KM: You want to have someone that you want to hang out with in the downtime. Because there is a lot of downtime.
MM: I was talking to Oteil Burbridge and he was talking about chemistry. Obviously‚ you guys have this incredible chemistry together. He said that sometimes you have chemistry with people you don't even like (laughter).
KM: Well‚ you have some kind of chemistry. There's always some kind of reaction when you get two people or more together. As they say‚ the whole is greater than the sum of the parts. There's always something brewing. We're fortunate that we do still like each other after all these years and do enjoy hanging out together. But you have to work at it. It's like a marriage or some other intense long-term relationship; you're going to go through your ups and downs and your highs and lows and you've got continue to put energy into it to be able to get along.
MM: Right. Continuously work at it. I think we've covered a lot of good stuff here. Congratulations again-the album is great. Just love it.
KM: I'm so glad to hear that. I'm hoping everyone will feel that way. We're proud of it. Again‚ I think it's a great studio effort for us and was really fun to make. While it's not balls-out rock and roll‚ I think its good quality music and people are going to enjoy it.
MM: Yeah. It's the songs. Great songs. I'm glad I got to talk with you because I've always connected with your songwriting.
KM: Thank you.
MM: And this album you've got three of them on here.
KM: Well‚ I was fortunate enough to do some co-writing with some really talented folks. I wrote with Todd Sheaffer from Railroad Earth.
MM: Oh right.
KM: That's where Todd's from. I don't know if you knew that.
MM: Yeah‚ he was in From Good Homes too‚ right?

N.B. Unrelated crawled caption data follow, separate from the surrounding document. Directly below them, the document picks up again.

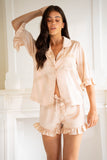 Pijama Volantes Crema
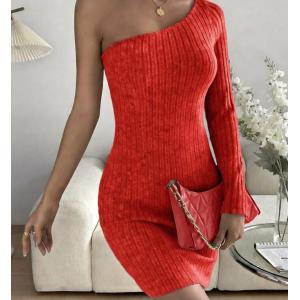 Red Off Shoulder Rib Knit Bodycon Dress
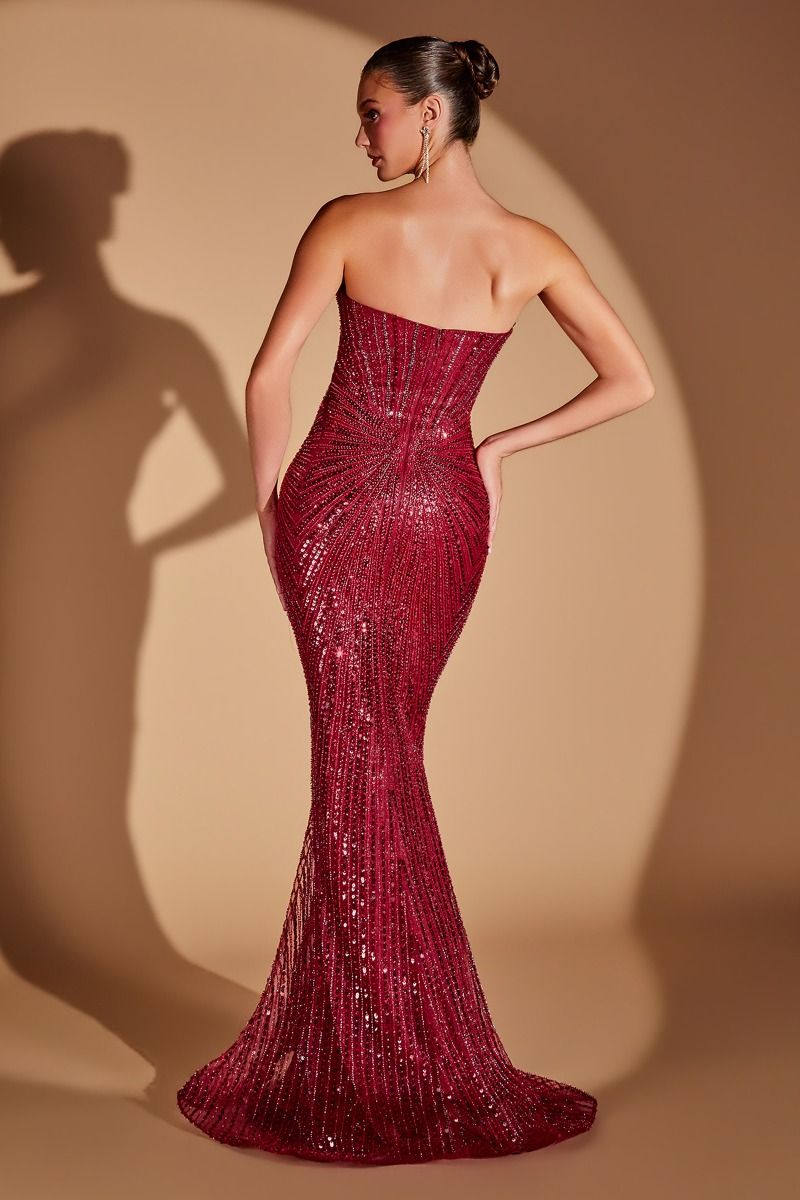 Ladivine CD0108 - Strapless Sweetheart Neckline with Sculpted Corset Inspired Detail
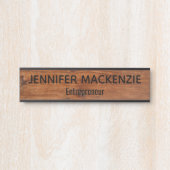 Elegantes Namensschild Holzkörner Rustikales Türsc (Vorderseite )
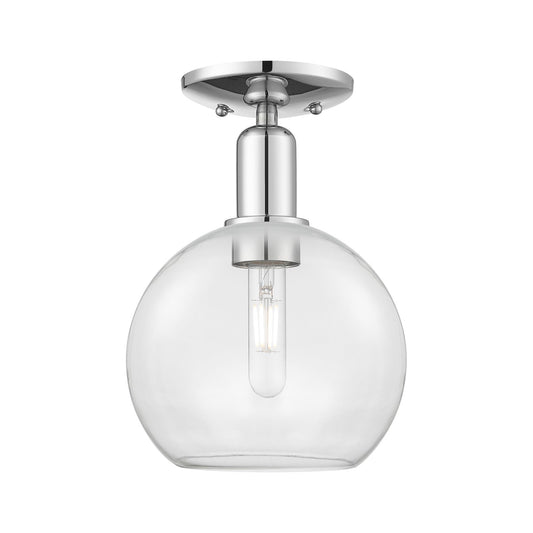 Innovations Athens 8in 1-Light Semi-Flush Mount | Industrial Polished Chrome Steel and Clear Glass | Entryway & Hallway | 8 x 8 x | Model 716-1C-PC-G122-8
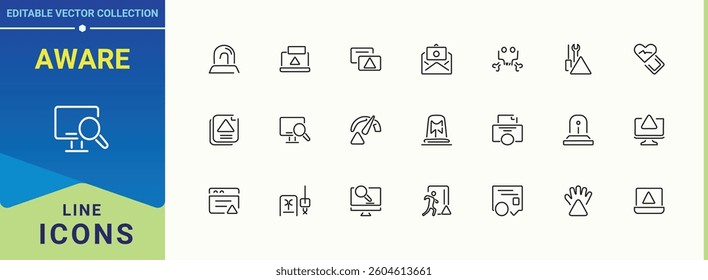 Aware linear icon. It contains symbols to warn, siren, alarm, caution, notification, alert and more. Warning line icon set. Minimal thin line web icons set. Editable vector stroke.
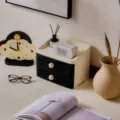 Vintage bureau opbergdoos met laden, rattan geweven organizer voor cosmetica en kleine artikelen. - Wit 2-Laags / Zwarte Lade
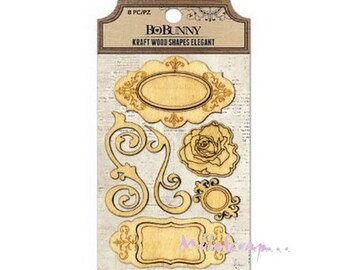 BO BUNNY scrolls and frames wood embellishment scrap (ref.210) *.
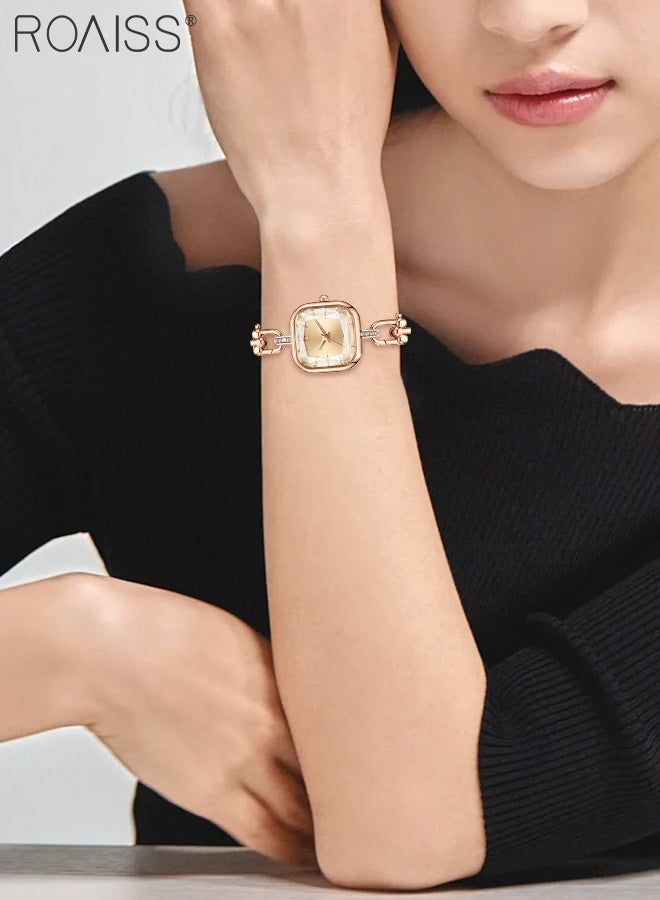roaiss Women's Luxury Quartz Watch, Analog Display Square Dial with Rhinestone Decoration, Fashion Elegant Bracelet Waterproof Wristwatch  as Gift for Women - Image 2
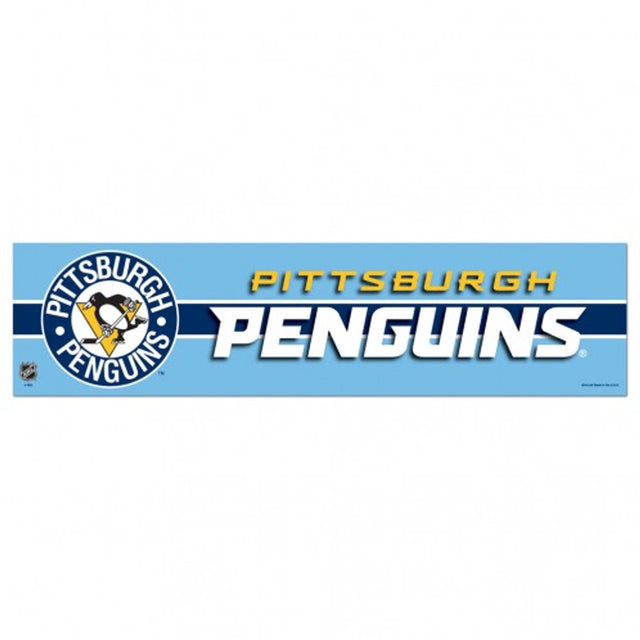 Calcomanía de los Pittsburgh Penguins de 3 x 12 pulgadas, estilo tira para parachoques, diseño del logotipo de la tercera camiseta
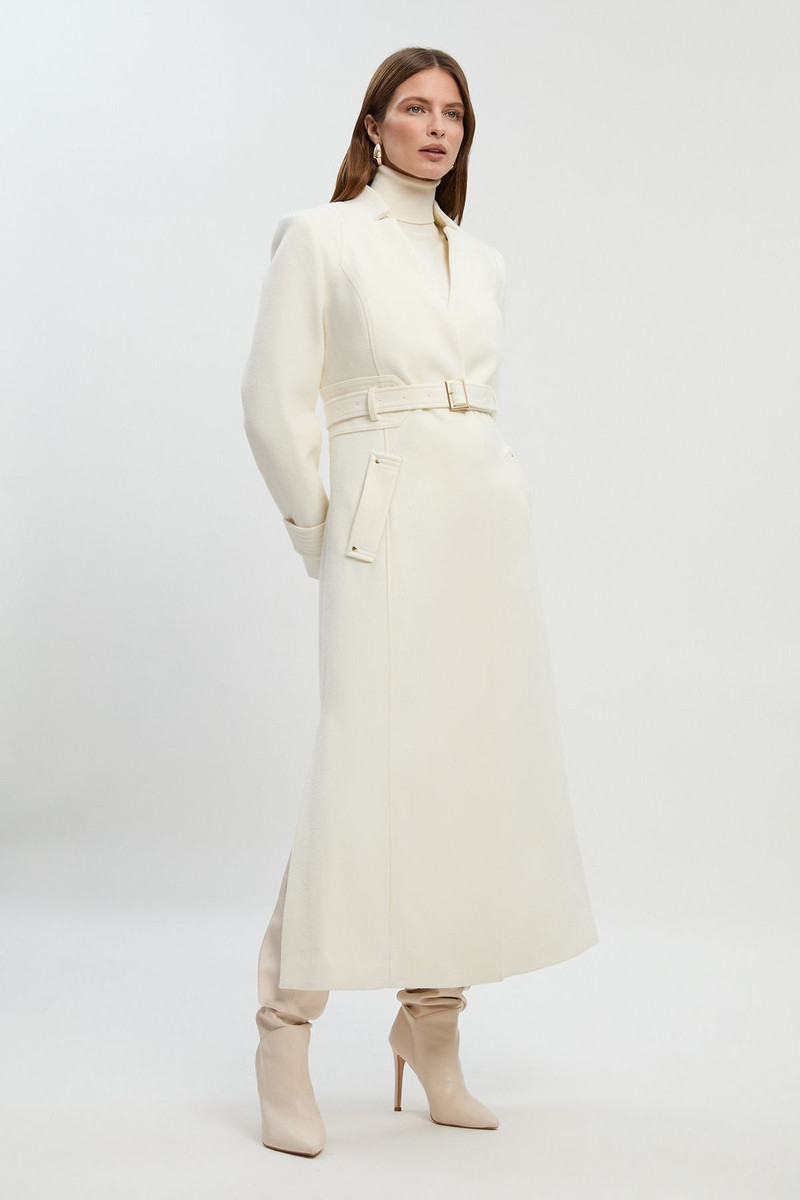 KAREN MILLEN Wool Investment Notch Neck Belted Detail Tailored Maxi Coat outlook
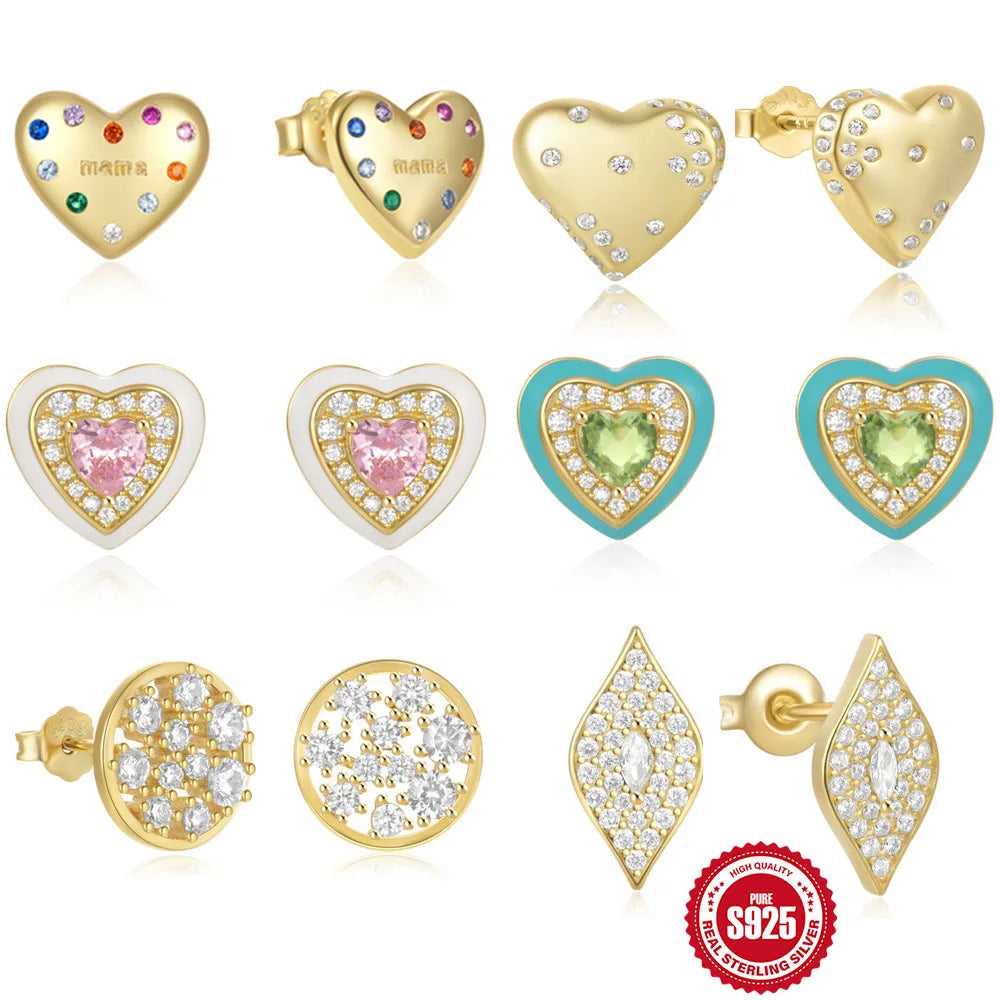 Wholesale Mother's Day Gift 925 Sterling Silver Heart Shape Drop Oil 5A Zircon Jewelry Stud Earrings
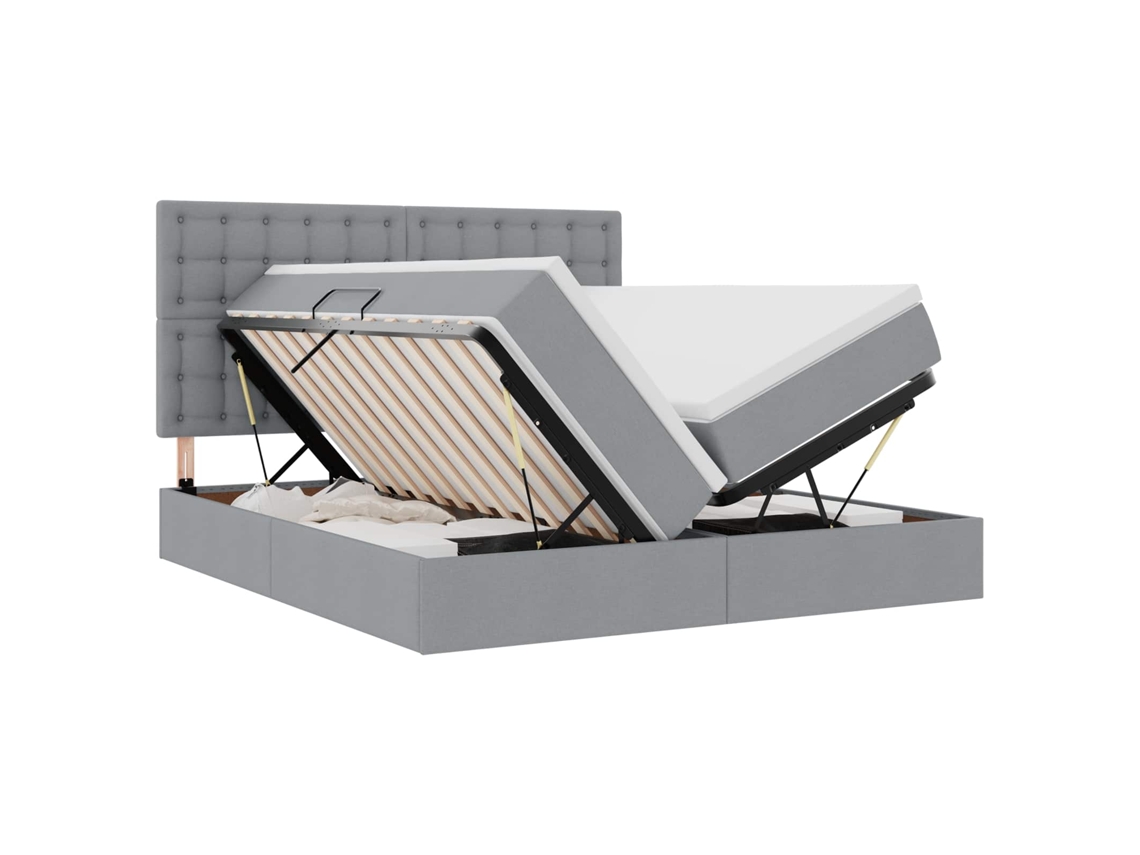 Maison Exclusive - Cama De Almacenamiento Led Con Colchón Gris Claro 200 X 200 Cm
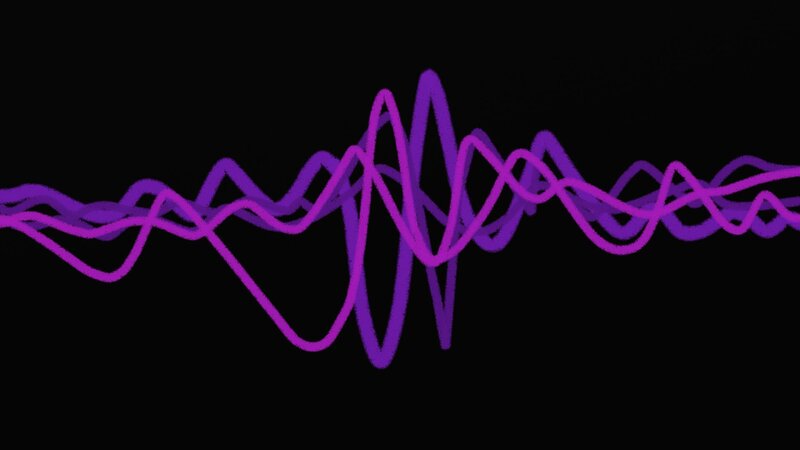 purple waveforms on black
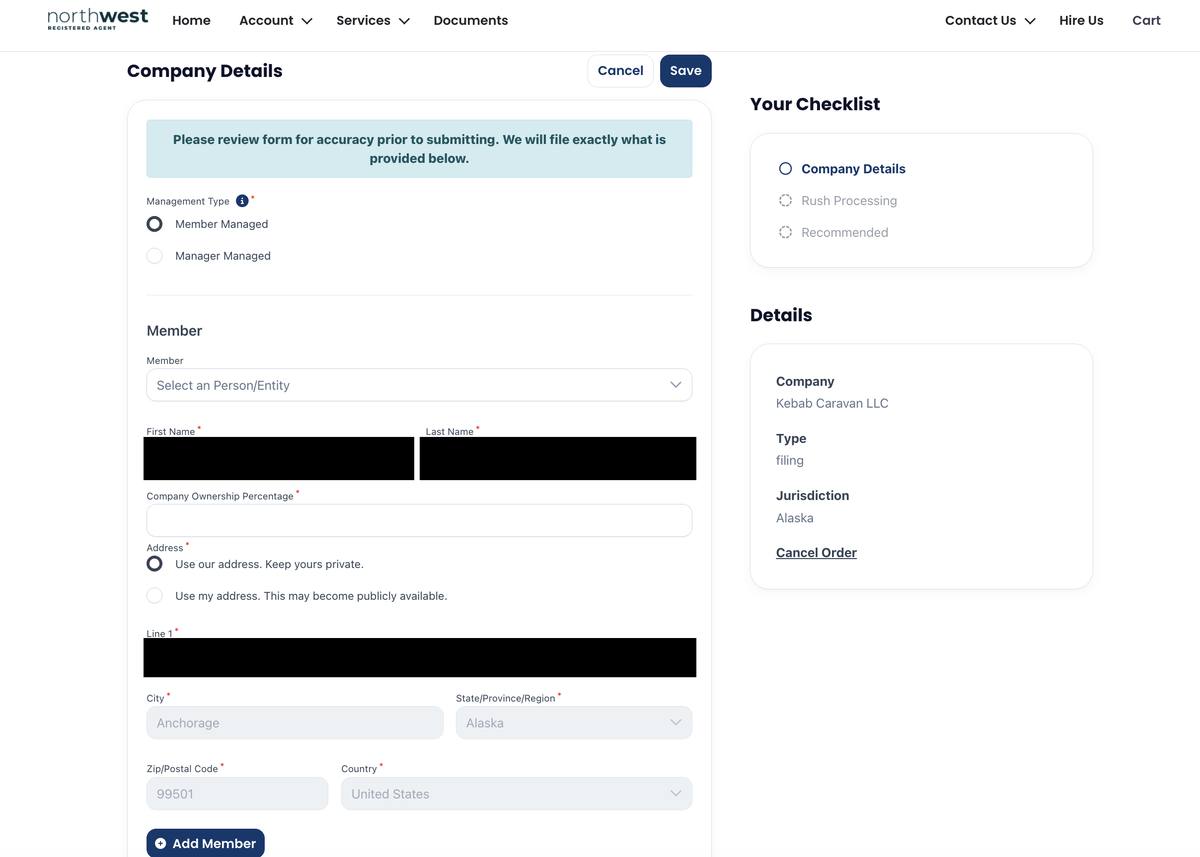 Northwest Registered Agent LLC formation screen asking for member name and address during signup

KM: Yeah‚ that was his band. And now Railroad Earth. Todd's a great songwriter and a great dude‚ a great singer. I've become a big fan of his and was fortunate to get to work with him. We did "Sometimes a River." And Todd‚ Malcolm‚ and I on "Until the Music's Over." And then I got to write with Jim Lauderdale on "Brand New Start." And I'm a big Jim Lauderdale fan as well. He's a great songwriter‚ too. So that was another aspect of the album that was fresh‚ is that we all looked outside and did a little outside collaborating with the songwriting. And you always learn something from other people when you work with them…if you're paying attention (laughs). So that was good for the band too to be able to bring in some outside collaborations and influence our songwriting that way.